Les invités se laissent facilement aborder et c'est ainsi que l'on a pu, à l'ouverture du festival, voir Spike Lee parler politique au coin de la rue avec des journalistes. Un présentateur de la télévision locale, Park City TV, n'en revient toujours pas lui-même. «Combien de villes de 6000 habitants accueillent une manifestations comme celle-là? Je travaille pour une petite télé locale, et pendant 10 jours, chaque année, je peux recevoir Kevin Spacey et Spike Lee le même jour!»

La décontraction est donc de mise, surtout parmi les poids lourds du festival. Pour son habituelle conférence d'ouverture, organisée dans l'emblématique et rococo Egyptian Theatre, Robert Redford arborait un béret, une chemise marron et un jean intemporel: un style plus proche de celui du professeur d'université en goguette que de celui de la légende hollywoodienne.

Dans le propos aussi, Robert Redford affiche toujours les mêmes ambitions qu'au moment où il a pris les rênes de Sundance. «Le festival est indépendant et à but non lucratif. On n'a jamais eu pour but d'être commercial: on voulait être libre de choisir du commercial ou non, de faire dans la diversité», a rappelé le «Sundance Kid».

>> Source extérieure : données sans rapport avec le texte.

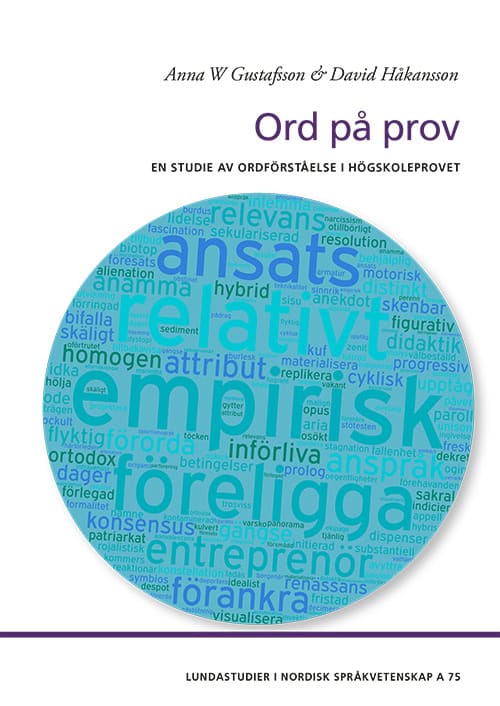 Gustafsson, Anna W. | Håkansson, David | Ord på prov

Depuis la fin des années 90, Sundance s'est souvent fait reprocher la présence grandissante de stars et starlettes américaines - le passage des soeurs Hilton à Park City avait semé la consternation parmi les fidèles du festival l'an dernier -, mais les organisateurs ne croient pas avoir dérogé à leur mission.

«En 25 ans, Sundance a changé la donne. Maintenant, on sait que des petits films peuvent être rentables», affirme Geoff Gilmore. Et ce ne sont pas les succès récents de Little Miss Sunshine, de Jonathan Dayton, de Hamlet 2 d'Andrew Fleming ou de Frozen River - un film qui aborde la contrebande sur la réserve d'Akwesasne, à cheval sur le Québec, l'Ontario et l'État de New York -, de Courtney Hunt qui lui donneront tort.

«Ce que nous essayons de faire, à Park City, c'est d'amener le public à constater que l'art et les affaires peuvent coexister», soutient Robert Redford.

Si la programmation du festival compte, parmi ses premières, quelques gros morceaux de l'année - Adventureland, de Greg Mottola, I Love You Phillip Morris de Glenn Ficarra ou Shrink, de Jonas Pate - l'organisation de Sundance propose aussi un volet plus artistique, New Frontier.

Logé au sous-sol d'un petit centre commercial du centre historique et touristique de Park City, New Frontier expose les installations d'artistes visuels portés sur le cinéma ou la nouvelle technologie. «New Frontier, c'est un nom qui montre que l'on se consacre au multimédia et au cinéma», précise David Courier.

L'art va survivre


Les très politiques et provocateurs courts métrages de l'artiste britannique Maria Marshall - une habituée du Centre Georges-Pompidou et du Palais de Tokyo, à Paris, et du Metropolitan Museum de New York -, font partie des installations présentées à New Frontier.

«Je ne sais pas quelle porte cela m'ouvrira, si ça m'en ouvre une, dit la réalisatrice. Je suis une artiste parce qu'il y a souvent des réalisateurs cachés derrières les artistes: ils ont quelque chose à dire. Et cela n'a rien à voir avec l'argent, ils veulent juste faire ce qu'ils ont à faire.»

Jeudi, à l'ouverture du festival, on murmurait, à Park City, que les affaires pourraient fort bien se montrer moins juteuses, les soirées, moins extravagantes, et le box-office, moins imposant en ces temps de disette économique. «Les affaires et la distribution seront peut-être affectés, mais l'art va toujours survivre», promet Robert Redford.

Depuis un quart de siècle, en tout cas, l'histoire lui a donné raison... à Sundance du moins.